Vice Director of the Holy See Press Office
- Incumbent
- Assumed office 1 March 2026
- Monarch: Leo XIV
- Preceded by: Cristiane Murray

Personal details
- Born: 7 June 1989 (age 36) Rijeka, Socialist Republic of Croatia, Yugoslavia
- Alma mater: University of Rijeka University of Zagreb

= Nina Benedikta Krapić =

Vice Director of the Holy See Press Office since 2026

Nina Benedikta Krapić (born 7 June 1989) is a Croatian Catholic religious sister who serves as Vice Director of the Holy See Press Office since 2026.

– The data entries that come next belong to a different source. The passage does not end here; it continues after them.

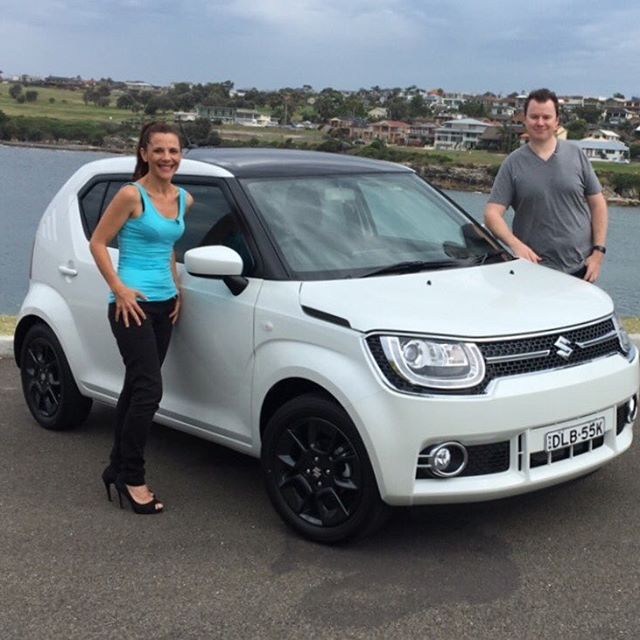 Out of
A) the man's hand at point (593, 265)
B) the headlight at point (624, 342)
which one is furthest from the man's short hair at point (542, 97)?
the headlight at point (624, 342)

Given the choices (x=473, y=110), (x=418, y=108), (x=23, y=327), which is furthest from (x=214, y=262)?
(x=473, y=110)

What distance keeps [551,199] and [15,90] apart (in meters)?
71.7

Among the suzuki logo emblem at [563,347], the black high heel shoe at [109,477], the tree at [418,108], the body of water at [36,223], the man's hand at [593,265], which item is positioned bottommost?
the body of water at [36,223]

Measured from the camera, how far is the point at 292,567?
155 inches

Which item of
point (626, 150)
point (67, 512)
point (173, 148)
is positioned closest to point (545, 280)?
point (173, 148)

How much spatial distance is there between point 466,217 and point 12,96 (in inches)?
2762

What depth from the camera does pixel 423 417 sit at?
3.73 m

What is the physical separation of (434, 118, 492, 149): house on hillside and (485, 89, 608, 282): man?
6885 cm

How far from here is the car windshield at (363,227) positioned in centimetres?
450

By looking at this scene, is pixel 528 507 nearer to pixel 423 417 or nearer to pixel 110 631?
pixel 423 417

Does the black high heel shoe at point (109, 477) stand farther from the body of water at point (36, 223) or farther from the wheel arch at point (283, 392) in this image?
the body of water at point (36, 223)

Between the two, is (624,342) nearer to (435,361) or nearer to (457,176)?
→ (435,361)

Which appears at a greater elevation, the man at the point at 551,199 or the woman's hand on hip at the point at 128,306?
the man at the point at 551,199

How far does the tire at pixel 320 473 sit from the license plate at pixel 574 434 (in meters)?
0.75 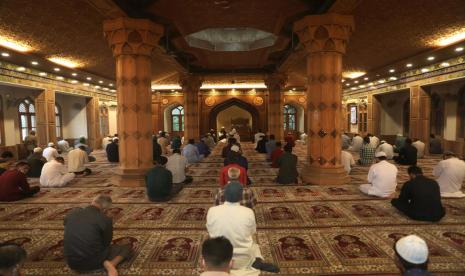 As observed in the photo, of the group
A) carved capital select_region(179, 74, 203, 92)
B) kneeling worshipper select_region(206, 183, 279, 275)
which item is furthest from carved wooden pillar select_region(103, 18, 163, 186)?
carved capital select_region(179, 74, 203, 92)

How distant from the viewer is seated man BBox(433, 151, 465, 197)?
4.54m

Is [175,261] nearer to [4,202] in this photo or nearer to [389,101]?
[4,202]

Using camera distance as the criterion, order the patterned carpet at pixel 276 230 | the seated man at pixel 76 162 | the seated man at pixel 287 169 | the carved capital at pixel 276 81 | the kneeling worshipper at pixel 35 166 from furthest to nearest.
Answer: the carved capital at pixel 276 81, the seated man at pixel 76 162, the kneeling worshipper at pixel 35 166, the seated man at pixel 287 169, the patterned carpet at pixel 276 230

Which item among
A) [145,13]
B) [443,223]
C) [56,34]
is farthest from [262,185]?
[56,34]

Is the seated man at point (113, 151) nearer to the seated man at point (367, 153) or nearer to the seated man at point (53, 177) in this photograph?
the seated man at point (53, 177)

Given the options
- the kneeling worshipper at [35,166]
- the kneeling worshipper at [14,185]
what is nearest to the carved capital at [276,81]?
the kneeling worshipper at [35,166]

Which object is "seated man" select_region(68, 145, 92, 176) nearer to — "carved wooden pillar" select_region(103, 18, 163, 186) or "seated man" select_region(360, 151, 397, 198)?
"carved wooden pillar" select_region(103, 18, 163, 186)

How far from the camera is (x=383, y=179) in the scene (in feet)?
14.9

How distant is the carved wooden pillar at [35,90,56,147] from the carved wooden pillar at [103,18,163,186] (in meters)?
6.29

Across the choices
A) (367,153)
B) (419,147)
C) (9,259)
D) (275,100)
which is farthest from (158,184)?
(275,100)

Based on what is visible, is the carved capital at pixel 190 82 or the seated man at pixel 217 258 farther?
the carved capital at pixel 190 82

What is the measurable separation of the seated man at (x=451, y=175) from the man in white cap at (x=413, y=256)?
3831 mm

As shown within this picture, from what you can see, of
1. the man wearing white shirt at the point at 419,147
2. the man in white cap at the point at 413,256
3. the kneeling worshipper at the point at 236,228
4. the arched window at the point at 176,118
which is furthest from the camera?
the arched window at the point at 176,118

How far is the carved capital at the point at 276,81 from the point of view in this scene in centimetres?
1205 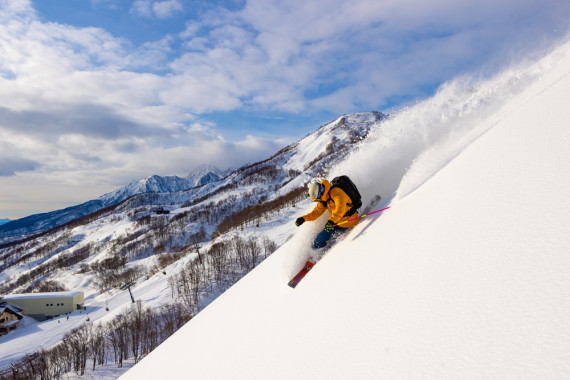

==Early life and education==
Krapić was born on 7 June 1989 in Rijeka, Socialist Republic of Croatia, then Yugoslavia. She obtained a degree in law from the University of Rijeka in 2015 and specialised in public relations at the University of Zagreb in 2023. She is currently pursuing a PhD in social sciences at the Pontifical Gregorian University.

==Career==
On 13 August 2023, she took her vows with the Daughters of Charity of Saint Vincent de Paul. Krapić has worked as a journalist and radio presenter for Radio Trsat and legal assistant for women who are victims of gender-based violence at "Saint Anne" Caritas shelter and for marginalised people at the Social Welfare Centre in Rijeka, as well as communications officer for the Archdiocese of Rijeka. That year, she joined the Vatican’s Dicastery for Communication.

Pope Leo XIV appointed Krapić as the new Vice Director of the Holy See Press Office on 13 February 2026, and assumed the office on 1 March 2026 succeeding Cristiane Murray.